(Items listed in a dataset)
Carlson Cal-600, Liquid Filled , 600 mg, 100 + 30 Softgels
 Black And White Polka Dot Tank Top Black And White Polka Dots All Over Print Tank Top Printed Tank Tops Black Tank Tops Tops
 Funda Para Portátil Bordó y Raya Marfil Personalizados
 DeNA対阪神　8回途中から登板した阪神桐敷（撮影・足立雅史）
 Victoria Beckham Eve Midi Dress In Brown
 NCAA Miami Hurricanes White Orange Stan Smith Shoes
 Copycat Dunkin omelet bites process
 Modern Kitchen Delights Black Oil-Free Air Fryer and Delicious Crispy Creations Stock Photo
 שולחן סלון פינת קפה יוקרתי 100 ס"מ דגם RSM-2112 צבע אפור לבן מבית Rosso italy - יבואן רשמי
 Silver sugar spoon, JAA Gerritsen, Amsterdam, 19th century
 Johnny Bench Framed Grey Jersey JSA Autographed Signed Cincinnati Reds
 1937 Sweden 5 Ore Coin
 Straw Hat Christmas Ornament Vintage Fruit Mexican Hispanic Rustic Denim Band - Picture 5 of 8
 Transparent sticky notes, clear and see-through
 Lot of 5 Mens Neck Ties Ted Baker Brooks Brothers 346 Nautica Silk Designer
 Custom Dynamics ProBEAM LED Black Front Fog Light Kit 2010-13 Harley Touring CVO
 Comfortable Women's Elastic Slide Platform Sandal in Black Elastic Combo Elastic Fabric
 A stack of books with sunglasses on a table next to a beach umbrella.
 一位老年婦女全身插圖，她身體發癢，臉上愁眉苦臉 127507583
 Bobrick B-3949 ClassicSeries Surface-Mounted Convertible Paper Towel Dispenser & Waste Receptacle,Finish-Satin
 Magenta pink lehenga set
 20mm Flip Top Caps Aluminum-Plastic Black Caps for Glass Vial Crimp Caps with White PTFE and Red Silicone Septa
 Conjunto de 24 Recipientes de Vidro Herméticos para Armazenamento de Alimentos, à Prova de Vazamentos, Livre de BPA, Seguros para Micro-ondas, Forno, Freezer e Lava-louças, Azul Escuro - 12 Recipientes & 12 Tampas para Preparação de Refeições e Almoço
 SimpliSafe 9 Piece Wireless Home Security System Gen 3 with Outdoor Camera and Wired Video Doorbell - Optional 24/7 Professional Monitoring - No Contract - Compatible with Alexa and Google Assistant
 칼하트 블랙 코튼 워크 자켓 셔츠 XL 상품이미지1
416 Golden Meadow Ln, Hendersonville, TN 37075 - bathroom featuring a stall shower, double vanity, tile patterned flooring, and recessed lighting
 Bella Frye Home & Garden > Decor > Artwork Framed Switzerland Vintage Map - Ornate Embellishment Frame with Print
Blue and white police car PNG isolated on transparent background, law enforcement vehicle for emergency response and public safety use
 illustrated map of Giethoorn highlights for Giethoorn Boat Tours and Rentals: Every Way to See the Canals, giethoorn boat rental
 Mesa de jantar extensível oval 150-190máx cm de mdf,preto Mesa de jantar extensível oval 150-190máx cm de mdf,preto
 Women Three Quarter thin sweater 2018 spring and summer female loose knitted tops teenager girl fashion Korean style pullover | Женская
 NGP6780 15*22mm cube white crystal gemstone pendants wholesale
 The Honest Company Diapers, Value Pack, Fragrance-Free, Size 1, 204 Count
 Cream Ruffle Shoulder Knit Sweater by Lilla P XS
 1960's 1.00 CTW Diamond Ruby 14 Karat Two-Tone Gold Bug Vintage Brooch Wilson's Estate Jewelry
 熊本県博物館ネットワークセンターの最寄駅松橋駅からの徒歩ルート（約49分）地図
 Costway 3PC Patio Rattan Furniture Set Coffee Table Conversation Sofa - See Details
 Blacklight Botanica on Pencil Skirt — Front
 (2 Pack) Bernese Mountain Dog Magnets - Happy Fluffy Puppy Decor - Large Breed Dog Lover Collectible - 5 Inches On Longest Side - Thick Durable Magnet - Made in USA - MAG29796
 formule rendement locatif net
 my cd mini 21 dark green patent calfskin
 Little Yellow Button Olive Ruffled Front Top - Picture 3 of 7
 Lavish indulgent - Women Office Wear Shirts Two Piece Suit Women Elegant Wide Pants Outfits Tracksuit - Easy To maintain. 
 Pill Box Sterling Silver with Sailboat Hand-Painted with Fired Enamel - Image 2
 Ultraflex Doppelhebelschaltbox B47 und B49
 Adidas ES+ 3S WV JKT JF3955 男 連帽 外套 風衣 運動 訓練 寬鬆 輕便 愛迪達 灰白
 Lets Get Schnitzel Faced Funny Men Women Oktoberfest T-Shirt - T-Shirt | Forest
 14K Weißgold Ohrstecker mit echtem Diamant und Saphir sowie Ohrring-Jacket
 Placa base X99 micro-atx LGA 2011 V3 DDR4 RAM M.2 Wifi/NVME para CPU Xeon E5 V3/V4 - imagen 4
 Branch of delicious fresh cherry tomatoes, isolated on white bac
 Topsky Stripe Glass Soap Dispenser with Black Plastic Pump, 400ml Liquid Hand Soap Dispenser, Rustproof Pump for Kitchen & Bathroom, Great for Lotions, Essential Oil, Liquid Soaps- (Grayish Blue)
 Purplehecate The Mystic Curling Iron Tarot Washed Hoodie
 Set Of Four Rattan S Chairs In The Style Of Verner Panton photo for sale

REQUIRED WORK
The answer must consist solely of the number of lines in the entries that contain the word "Blue".

THE ANSWER
2